Here’s another example. What if in our mad rush to convert retirement money to Roth IRAs, we failed to notice that someday, at this pace, the government will most likely need to tax some if not all Roth distributions? Would our clients still be fiscally OK if they give up a large percentage of their net worth today for a permanent tax-free “promise” that may be yanked away tomorrow?

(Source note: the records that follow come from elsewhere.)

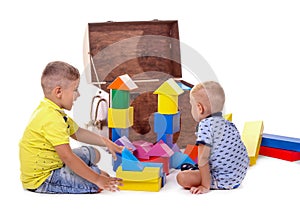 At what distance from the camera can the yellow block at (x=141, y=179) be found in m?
2.07

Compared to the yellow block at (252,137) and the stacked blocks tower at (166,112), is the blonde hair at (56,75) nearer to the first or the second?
the stacked blocks tower at (166,112)

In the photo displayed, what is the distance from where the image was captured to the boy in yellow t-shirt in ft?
6.56

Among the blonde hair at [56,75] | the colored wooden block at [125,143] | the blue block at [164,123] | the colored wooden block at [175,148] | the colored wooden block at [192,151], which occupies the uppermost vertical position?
the blonde hair at [56,75]

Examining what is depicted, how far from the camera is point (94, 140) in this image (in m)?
2.27

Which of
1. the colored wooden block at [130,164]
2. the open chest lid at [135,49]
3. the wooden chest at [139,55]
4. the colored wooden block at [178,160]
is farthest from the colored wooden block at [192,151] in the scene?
the open chest lid at [135,49]

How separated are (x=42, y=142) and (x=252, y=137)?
105 centimetres

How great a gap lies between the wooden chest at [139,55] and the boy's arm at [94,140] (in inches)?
15.2

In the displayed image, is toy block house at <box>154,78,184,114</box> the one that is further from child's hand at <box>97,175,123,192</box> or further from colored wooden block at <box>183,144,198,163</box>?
child's hand at <box>97,175,123,192</box>

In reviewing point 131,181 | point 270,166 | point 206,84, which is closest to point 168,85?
point 206,84

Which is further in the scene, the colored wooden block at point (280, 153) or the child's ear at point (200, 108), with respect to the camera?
the colored wooden block at point (280, 153)

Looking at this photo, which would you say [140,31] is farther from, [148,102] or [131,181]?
[131,181]

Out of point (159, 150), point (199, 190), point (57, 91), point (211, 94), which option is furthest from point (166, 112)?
point (57, 91)

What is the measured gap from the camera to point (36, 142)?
6.66 feet

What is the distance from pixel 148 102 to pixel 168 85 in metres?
0.37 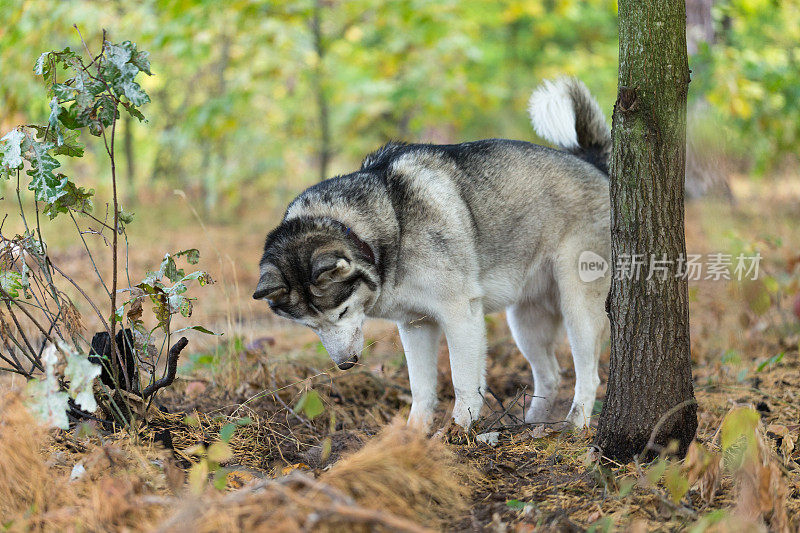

We hear rhetoric every day out of Washington and in my state, California, that the haves are being too greatly benefited by the tax law and its many avenues of lowering taxes for the wealthy. And the recent “reveal” of Trump’s income tax bill is adding fuel to that fire. So when it comes to tax law, we should expect the unwelcome and review every tax move clients take. If any could be fiscally harmful were the benefits eliminated, we need to have a frank dialogue, disclosing our concerns and reviewing possible alternatives or simply discussing the inevitable increase in taxes and how to be financially prepared to cope.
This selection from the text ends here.